[Entries taken from a collection]
*** Begin section ***
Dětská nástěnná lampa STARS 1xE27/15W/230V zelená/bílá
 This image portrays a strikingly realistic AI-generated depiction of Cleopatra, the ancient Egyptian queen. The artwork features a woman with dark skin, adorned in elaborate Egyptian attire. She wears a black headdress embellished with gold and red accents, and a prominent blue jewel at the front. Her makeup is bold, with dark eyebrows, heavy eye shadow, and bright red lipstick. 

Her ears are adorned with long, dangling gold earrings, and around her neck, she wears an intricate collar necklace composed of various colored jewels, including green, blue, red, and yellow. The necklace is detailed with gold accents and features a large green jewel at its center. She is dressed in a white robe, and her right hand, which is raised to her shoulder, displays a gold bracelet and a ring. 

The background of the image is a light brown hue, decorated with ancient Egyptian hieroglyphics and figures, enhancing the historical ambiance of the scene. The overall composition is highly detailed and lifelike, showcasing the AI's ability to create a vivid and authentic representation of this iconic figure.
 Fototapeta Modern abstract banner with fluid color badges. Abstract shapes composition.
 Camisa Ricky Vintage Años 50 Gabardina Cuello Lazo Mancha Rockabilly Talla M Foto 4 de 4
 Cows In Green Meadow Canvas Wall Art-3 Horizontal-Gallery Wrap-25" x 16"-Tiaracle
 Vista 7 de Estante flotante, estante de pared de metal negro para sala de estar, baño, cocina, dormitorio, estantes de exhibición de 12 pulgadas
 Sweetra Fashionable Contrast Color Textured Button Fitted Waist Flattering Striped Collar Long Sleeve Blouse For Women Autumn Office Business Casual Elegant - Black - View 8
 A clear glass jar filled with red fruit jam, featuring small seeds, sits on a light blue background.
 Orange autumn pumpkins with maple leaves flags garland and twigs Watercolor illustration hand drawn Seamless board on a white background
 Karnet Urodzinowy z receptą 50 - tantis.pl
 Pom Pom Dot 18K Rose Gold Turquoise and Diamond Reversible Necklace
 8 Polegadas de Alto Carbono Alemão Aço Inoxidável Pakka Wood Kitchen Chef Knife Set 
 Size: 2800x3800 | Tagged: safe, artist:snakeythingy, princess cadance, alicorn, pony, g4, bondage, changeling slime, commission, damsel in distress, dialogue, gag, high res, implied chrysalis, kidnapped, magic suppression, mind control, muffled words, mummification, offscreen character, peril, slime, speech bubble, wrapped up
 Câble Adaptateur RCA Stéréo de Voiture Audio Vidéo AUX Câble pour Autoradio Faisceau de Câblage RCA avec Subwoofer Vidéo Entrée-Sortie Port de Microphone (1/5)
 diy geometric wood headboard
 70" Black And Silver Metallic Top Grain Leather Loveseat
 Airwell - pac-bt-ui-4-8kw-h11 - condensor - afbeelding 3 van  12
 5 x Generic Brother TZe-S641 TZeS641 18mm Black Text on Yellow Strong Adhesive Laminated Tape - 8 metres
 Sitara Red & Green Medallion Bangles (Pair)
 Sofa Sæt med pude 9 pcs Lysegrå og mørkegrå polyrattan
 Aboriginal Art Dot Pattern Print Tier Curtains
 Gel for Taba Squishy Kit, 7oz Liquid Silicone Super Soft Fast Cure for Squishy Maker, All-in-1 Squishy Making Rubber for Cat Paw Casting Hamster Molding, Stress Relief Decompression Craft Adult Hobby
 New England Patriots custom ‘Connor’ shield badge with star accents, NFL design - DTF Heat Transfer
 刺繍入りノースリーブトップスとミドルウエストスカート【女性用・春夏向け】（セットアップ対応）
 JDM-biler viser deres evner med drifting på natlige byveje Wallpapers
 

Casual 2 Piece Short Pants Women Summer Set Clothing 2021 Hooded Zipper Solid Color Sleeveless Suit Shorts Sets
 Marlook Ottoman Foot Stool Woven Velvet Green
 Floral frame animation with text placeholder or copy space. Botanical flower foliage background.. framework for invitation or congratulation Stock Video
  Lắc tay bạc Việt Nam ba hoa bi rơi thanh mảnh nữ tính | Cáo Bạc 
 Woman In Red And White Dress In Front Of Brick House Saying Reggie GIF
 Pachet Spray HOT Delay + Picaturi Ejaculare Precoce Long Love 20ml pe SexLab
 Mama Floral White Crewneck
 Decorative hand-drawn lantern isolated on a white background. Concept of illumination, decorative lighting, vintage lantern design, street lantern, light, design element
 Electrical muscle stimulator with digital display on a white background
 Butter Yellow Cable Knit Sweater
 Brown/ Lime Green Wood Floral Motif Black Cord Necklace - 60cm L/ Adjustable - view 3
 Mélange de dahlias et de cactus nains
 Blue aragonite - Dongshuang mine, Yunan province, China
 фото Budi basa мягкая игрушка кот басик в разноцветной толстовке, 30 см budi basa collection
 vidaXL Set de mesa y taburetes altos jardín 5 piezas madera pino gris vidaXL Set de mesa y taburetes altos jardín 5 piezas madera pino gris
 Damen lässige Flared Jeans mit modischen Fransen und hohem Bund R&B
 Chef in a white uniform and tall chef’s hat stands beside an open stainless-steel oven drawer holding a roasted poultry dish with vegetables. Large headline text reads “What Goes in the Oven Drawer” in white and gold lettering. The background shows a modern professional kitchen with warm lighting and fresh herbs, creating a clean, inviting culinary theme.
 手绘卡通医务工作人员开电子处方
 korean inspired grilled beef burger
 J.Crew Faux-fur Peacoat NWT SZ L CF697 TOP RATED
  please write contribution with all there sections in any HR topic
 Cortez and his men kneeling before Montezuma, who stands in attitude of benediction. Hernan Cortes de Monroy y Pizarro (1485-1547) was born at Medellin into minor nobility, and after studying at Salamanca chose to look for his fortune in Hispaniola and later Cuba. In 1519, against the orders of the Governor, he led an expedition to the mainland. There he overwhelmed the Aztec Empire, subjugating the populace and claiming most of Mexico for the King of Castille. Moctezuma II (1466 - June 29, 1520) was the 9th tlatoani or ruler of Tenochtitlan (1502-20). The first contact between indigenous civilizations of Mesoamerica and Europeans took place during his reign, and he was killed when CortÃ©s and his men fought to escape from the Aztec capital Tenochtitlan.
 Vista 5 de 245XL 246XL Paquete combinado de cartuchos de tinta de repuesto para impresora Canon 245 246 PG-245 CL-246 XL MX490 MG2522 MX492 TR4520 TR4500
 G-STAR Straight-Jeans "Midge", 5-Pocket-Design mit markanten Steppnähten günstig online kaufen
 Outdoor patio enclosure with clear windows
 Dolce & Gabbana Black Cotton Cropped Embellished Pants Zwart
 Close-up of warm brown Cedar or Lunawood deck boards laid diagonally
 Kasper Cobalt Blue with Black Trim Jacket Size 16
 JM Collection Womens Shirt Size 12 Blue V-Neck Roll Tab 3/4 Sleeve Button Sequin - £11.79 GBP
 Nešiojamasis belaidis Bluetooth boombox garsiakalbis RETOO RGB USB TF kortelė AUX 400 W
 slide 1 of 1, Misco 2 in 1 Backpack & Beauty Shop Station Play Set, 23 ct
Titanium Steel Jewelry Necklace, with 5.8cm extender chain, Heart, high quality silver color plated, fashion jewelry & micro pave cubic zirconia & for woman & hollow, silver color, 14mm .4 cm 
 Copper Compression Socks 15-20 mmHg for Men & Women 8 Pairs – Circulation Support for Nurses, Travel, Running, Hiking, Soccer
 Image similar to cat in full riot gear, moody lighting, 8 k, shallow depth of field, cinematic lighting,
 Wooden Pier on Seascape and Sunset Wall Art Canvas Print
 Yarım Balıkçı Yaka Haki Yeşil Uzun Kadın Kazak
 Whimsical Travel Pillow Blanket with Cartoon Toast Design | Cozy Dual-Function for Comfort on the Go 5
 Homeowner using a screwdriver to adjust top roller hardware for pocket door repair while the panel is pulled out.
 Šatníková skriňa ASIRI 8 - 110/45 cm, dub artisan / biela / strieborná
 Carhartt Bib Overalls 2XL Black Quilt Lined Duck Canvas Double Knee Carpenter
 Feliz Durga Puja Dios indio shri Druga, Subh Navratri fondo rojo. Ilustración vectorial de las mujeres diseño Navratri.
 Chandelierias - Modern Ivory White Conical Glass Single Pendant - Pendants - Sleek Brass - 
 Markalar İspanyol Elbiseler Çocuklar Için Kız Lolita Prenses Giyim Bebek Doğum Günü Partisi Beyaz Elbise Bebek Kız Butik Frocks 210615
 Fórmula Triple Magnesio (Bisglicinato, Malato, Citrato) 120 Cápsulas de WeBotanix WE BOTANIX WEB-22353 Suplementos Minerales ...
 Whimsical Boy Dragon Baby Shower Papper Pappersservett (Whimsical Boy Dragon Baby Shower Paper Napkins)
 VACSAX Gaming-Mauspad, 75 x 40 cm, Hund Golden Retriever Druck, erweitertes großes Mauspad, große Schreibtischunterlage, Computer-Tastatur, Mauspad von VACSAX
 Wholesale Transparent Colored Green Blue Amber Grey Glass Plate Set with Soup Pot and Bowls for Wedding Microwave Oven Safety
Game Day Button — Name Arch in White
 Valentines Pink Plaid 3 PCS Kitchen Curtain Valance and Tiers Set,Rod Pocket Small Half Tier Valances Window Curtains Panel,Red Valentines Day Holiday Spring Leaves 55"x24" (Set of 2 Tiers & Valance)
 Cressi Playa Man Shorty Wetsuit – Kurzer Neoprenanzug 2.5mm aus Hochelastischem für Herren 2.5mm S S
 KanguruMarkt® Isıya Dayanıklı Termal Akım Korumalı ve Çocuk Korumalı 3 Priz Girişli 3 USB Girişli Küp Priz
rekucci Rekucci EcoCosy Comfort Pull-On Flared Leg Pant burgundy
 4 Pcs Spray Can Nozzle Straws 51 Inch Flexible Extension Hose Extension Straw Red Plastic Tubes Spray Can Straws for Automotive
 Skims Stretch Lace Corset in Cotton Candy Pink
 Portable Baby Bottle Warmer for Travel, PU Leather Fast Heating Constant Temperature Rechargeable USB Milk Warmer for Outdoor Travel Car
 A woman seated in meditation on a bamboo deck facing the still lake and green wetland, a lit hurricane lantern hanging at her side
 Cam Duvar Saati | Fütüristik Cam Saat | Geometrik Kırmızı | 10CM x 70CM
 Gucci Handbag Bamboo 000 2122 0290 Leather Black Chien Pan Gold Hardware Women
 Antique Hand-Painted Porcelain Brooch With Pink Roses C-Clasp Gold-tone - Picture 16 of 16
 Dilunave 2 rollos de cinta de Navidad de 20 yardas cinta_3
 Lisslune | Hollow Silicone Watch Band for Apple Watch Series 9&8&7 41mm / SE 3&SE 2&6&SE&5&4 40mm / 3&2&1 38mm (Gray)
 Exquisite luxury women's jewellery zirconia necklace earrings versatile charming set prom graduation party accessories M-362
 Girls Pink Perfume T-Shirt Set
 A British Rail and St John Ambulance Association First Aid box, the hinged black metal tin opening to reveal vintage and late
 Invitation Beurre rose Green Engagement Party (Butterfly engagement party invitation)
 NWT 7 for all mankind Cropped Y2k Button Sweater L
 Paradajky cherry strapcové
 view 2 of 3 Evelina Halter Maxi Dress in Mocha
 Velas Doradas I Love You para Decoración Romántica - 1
*** End section ***
(Aim of the task):
Every line that contains the string "Whimsical" should be returned from the data.

(Task result):
 Whimsical Travel Pillow Blanket with Cartoon Toast Design | Cozy Dual-Function for Comfort on the Go 5
 Whimsical Boy Dragon Baby Shower Papper Pappersservett (Whimsical Boy Dragon Baby Shower Paper Napkins)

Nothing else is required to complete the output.